_Exercise aim_
Within the records below, reproduce without change the lines from the line that has "Aurora - Precious" through the line that has "オルゴール　Ⅱの浴室|バス", and only those.

_Provided records_
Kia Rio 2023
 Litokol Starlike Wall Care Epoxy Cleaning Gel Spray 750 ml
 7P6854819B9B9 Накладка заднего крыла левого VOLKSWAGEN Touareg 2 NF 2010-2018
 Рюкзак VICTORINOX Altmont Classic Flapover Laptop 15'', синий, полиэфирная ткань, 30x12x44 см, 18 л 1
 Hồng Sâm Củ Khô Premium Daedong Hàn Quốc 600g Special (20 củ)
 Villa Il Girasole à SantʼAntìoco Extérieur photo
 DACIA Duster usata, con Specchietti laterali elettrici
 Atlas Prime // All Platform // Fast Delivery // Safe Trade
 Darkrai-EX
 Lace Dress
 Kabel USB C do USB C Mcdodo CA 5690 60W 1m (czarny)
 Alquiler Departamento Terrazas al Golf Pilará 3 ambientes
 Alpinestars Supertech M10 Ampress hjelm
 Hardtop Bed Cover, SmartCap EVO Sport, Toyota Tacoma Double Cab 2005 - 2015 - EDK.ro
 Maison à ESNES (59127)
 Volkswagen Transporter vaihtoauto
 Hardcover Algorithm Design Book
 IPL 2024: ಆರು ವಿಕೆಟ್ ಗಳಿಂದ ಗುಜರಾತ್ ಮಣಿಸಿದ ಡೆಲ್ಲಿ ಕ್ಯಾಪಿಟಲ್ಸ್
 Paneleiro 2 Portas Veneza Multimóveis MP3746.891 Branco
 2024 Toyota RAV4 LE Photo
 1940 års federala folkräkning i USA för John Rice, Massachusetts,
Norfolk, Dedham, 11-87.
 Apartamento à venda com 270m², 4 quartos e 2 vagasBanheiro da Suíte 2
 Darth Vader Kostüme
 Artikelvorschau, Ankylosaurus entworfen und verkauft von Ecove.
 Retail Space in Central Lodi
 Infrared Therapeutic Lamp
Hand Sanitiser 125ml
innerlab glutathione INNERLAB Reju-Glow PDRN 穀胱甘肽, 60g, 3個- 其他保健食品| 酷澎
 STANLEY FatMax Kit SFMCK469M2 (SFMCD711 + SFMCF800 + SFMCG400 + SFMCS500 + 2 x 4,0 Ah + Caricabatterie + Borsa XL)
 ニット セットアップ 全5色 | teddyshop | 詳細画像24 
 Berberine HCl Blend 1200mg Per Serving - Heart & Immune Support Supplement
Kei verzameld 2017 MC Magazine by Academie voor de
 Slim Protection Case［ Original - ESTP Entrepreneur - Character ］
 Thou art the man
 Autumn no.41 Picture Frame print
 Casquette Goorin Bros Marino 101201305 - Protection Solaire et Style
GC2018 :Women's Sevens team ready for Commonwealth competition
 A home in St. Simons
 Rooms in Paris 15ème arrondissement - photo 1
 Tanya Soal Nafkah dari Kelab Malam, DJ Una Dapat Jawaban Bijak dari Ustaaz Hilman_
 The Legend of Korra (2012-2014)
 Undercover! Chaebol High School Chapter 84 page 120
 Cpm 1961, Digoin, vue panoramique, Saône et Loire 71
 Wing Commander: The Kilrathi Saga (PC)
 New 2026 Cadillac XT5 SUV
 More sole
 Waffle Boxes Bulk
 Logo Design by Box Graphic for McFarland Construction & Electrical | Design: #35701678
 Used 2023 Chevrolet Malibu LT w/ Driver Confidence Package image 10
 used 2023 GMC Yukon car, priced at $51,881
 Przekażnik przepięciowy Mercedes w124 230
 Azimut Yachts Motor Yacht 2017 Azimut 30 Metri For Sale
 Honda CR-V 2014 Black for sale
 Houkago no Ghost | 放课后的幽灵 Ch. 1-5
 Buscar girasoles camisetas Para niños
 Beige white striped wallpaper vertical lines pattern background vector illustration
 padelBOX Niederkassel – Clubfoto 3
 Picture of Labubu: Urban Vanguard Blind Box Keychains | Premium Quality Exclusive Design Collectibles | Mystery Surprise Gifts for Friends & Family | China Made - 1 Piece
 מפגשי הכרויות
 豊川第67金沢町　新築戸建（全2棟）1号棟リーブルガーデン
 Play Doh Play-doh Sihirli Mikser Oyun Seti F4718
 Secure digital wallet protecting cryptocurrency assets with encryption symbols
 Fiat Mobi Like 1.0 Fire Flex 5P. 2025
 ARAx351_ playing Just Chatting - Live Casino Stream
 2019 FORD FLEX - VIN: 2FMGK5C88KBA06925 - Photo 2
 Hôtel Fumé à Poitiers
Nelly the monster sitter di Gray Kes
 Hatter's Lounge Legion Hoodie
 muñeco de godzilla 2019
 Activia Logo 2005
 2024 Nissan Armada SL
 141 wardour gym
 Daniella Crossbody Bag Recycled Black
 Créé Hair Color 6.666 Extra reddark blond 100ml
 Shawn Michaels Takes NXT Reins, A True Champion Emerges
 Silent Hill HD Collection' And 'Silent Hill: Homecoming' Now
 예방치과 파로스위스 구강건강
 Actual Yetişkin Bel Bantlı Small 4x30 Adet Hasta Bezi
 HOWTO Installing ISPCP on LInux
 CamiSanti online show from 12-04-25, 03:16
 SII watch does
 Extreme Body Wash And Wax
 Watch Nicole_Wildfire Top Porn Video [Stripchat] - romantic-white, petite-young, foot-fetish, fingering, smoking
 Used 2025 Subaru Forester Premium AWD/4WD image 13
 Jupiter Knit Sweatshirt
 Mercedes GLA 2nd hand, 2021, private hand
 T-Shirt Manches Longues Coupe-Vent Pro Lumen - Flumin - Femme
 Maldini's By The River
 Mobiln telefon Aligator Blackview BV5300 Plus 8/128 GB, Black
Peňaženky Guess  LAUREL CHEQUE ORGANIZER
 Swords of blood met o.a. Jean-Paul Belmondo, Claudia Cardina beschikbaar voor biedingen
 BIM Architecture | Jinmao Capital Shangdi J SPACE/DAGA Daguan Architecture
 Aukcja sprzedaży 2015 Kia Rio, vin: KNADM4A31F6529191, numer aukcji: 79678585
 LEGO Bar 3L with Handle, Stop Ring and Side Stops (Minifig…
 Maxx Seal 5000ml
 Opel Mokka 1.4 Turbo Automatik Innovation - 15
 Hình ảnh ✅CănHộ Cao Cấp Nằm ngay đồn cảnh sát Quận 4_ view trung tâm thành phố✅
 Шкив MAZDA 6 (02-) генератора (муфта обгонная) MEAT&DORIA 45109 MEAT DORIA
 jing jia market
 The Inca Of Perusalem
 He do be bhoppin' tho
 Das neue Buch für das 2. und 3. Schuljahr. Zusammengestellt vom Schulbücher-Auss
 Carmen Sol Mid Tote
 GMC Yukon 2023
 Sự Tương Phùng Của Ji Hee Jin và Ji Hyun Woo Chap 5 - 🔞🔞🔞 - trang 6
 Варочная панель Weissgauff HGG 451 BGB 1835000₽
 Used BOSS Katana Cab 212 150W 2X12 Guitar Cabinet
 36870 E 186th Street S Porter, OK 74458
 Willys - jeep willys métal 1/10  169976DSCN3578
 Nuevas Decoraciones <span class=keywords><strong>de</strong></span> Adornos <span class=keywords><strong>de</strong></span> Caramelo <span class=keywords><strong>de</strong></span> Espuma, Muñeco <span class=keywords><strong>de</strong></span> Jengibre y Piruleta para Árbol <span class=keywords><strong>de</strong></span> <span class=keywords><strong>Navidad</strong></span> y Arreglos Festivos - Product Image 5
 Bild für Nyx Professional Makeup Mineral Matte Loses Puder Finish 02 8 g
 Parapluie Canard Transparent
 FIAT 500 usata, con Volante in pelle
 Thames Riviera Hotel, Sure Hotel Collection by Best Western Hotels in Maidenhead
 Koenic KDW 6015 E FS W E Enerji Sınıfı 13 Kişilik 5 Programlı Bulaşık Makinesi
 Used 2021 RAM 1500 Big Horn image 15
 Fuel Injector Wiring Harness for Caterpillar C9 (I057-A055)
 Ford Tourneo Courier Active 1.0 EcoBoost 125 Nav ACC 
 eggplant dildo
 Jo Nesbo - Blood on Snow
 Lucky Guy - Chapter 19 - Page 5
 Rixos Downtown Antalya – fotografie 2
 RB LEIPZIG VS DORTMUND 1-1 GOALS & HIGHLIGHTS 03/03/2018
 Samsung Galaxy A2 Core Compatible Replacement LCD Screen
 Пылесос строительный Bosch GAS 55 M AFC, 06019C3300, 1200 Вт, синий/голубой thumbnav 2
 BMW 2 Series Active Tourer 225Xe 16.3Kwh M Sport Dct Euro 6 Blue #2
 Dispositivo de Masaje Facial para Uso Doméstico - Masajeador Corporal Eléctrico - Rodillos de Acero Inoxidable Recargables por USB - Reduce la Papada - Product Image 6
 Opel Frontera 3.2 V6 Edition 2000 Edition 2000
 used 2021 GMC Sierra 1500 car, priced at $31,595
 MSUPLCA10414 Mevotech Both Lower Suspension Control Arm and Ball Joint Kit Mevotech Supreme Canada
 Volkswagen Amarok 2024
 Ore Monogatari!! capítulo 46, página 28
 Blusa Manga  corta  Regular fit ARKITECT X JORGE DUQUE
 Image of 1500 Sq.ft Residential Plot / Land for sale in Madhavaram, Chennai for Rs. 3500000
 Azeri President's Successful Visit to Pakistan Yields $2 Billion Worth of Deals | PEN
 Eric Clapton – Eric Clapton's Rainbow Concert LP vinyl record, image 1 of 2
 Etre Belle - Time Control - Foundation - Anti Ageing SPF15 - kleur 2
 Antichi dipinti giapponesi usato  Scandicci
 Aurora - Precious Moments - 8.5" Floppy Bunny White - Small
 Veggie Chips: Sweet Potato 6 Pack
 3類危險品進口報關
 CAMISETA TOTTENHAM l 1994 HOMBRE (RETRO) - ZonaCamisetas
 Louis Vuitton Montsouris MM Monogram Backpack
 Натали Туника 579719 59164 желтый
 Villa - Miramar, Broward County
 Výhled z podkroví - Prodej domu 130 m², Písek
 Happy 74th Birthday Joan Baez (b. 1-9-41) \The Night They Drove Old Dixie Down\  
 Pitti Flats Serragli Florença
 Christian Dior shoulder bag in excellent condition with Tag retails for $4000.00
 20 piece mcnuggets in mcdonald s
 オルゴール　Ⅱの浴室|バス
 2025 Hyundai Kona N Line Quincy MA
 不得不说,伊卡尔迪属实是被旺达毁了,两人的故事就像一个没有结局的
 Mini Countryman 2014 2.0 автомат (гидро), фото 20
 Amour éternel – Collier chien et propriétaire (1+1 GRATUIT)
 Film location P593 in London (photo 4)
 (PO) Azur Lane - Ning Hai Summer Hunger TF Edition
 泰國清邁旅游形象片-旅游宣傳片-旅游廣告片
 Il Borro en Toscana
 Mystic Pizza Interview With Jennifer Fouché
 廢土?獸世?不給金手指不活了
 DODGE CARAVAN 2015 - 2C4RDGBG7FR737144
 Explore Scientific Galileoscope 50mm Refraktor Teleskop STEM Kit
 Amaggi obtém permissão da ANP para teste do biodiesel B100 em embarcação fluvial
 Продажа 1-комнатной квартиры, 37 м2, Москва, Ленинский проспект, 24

_Answer to this task_
 Aurora - Precious Moments - 8.5" Floppy Bunny White - Small
 Veggie Chips: Sweet Potato 6 Pack
 3類危險品進口報關
 CAMISETA TOTTENHAM l 1994 HOMBRE (RETRO) - ZonaCamisetas
 Louis Vuitton Montsouris MM Monogram Backpack
 Натали Туника 579719 59164 желтый
 Villa - Miramar, Broward County
 Výhled z podkroví - Prodej domu 130 m², Písek
 Happy 74th Birthday Joan Baez (b. 1-9-41) \The Night They Drove Old Dixie Down\  
 Pitti Flats Serragli Florença
 Christian Dior shoulder bag in excellent condition with Tag retails for $4000.00
 20 piece mcnuggets in mcdonald s
 オルゴール　Ⅱの浴室|バス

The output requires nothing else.